The theme of the product, developed by All Good Organics, essentially runs like this: “Two years ago we had a crazy dream to offer consumers a fizzy drink that acknowledged and supported the people who originally discovered the name ingredient in the most consumed soft drink in the world – cola.”
Karma Cola is a reinvention of a familiar product; it’s a uniform product subverted with craft, fairness and humour. It’s New Zealand made – from natural spices, lemon, lime and orange oils, vanilla beans grown by the Forest Garden Growers Association in Sri Lanka, as well as organically grown and processed sugar cane from the Suminter Organic Farmers Consortium in Maharashtra India. The key component of any real cola is, however, the real cola nut. All Good gets theirs from Boma village, in Sierra Leone, and it’s a product they found for themselves. They travelled there, organised their own supply network and, in turn, provided cola-nut farmers with an international profile and a market for a crop that traditionally was only locally traded.
The key component of any real cola is, however, the real cola nut.
Some proceeds from each sale of Karma Cola are returned to the growers too, and in a country still recovering from a debilitating civil war, these efforts at helping build community infrastructure and sending kids to school are commendable indeed.
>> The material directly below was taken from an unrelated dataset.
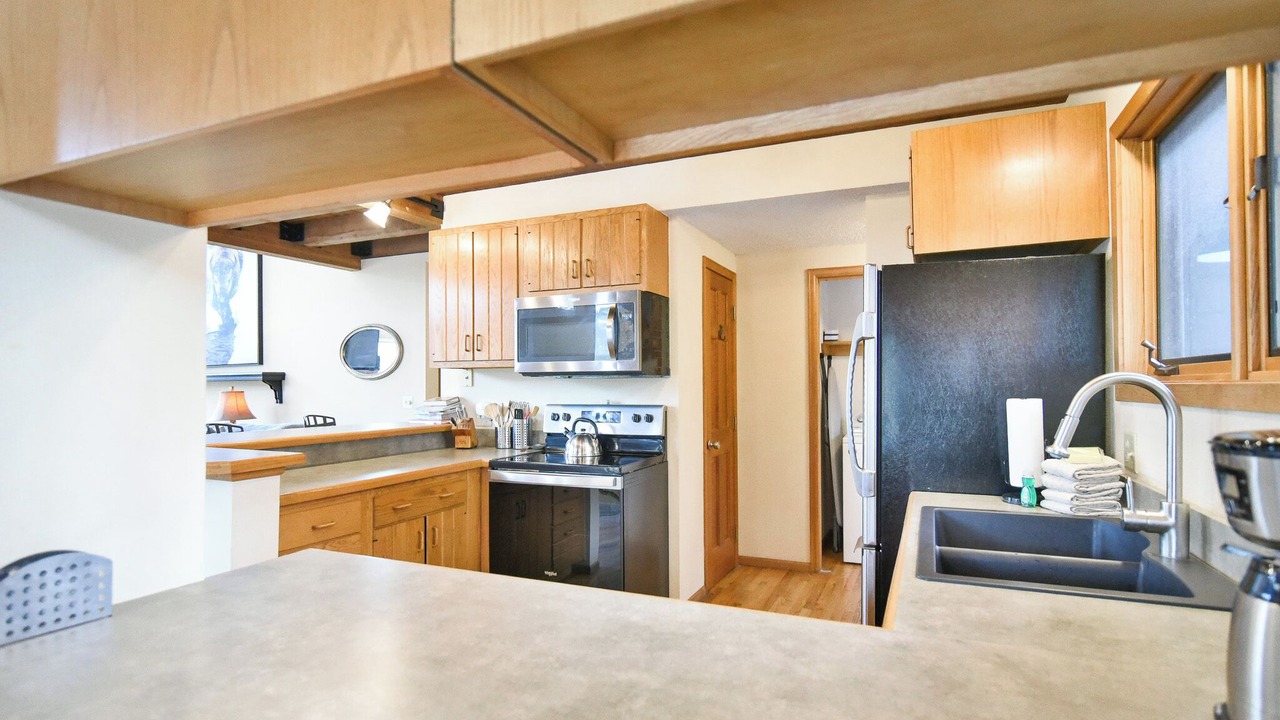 Photo of Kitchen in Warrior's Mark West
This aspect of the product wasn’t lost on Special Group. Heath Lowe, the creative director on the project, describes the brief succinctly. “All Good believes that if you’re going to drink something that has sugar in it, i.e. ‘bad’, it should at least be organic and Fairtrade, i.e. ‘good’. And they know their audience. They developed a cola whose ingredients come from developing nations — with profits from the sale of each bottle going back — ensuring money returns to communities and encourages growth. We thought that made for good karma and so Karma Cola was born.”
So karma it was. Special worked with artist Beck Wheeler on the bottle’s motif – a livery of red, white and blue that echoes the typical colours of corporate cola players, but accompanied by stories of fairness and sustainability, manages to avoid the aura of ‘coca cola-nisation’ that affects the corporate players. Wheeler’s illustration and typography is applied to individual bottles, three-pack and fifteen-pack boxes, fridges, vans, cars, t-shirts and stickers. The design blends African imagery, in the form of Mami Wata, a two-sided being (akin to an angel and devil rolled up in one), the Eastern idea of karma and the Western idea of ‘cola’. With its fresh style and lighthearted depiction, this brand is a potent design infusion.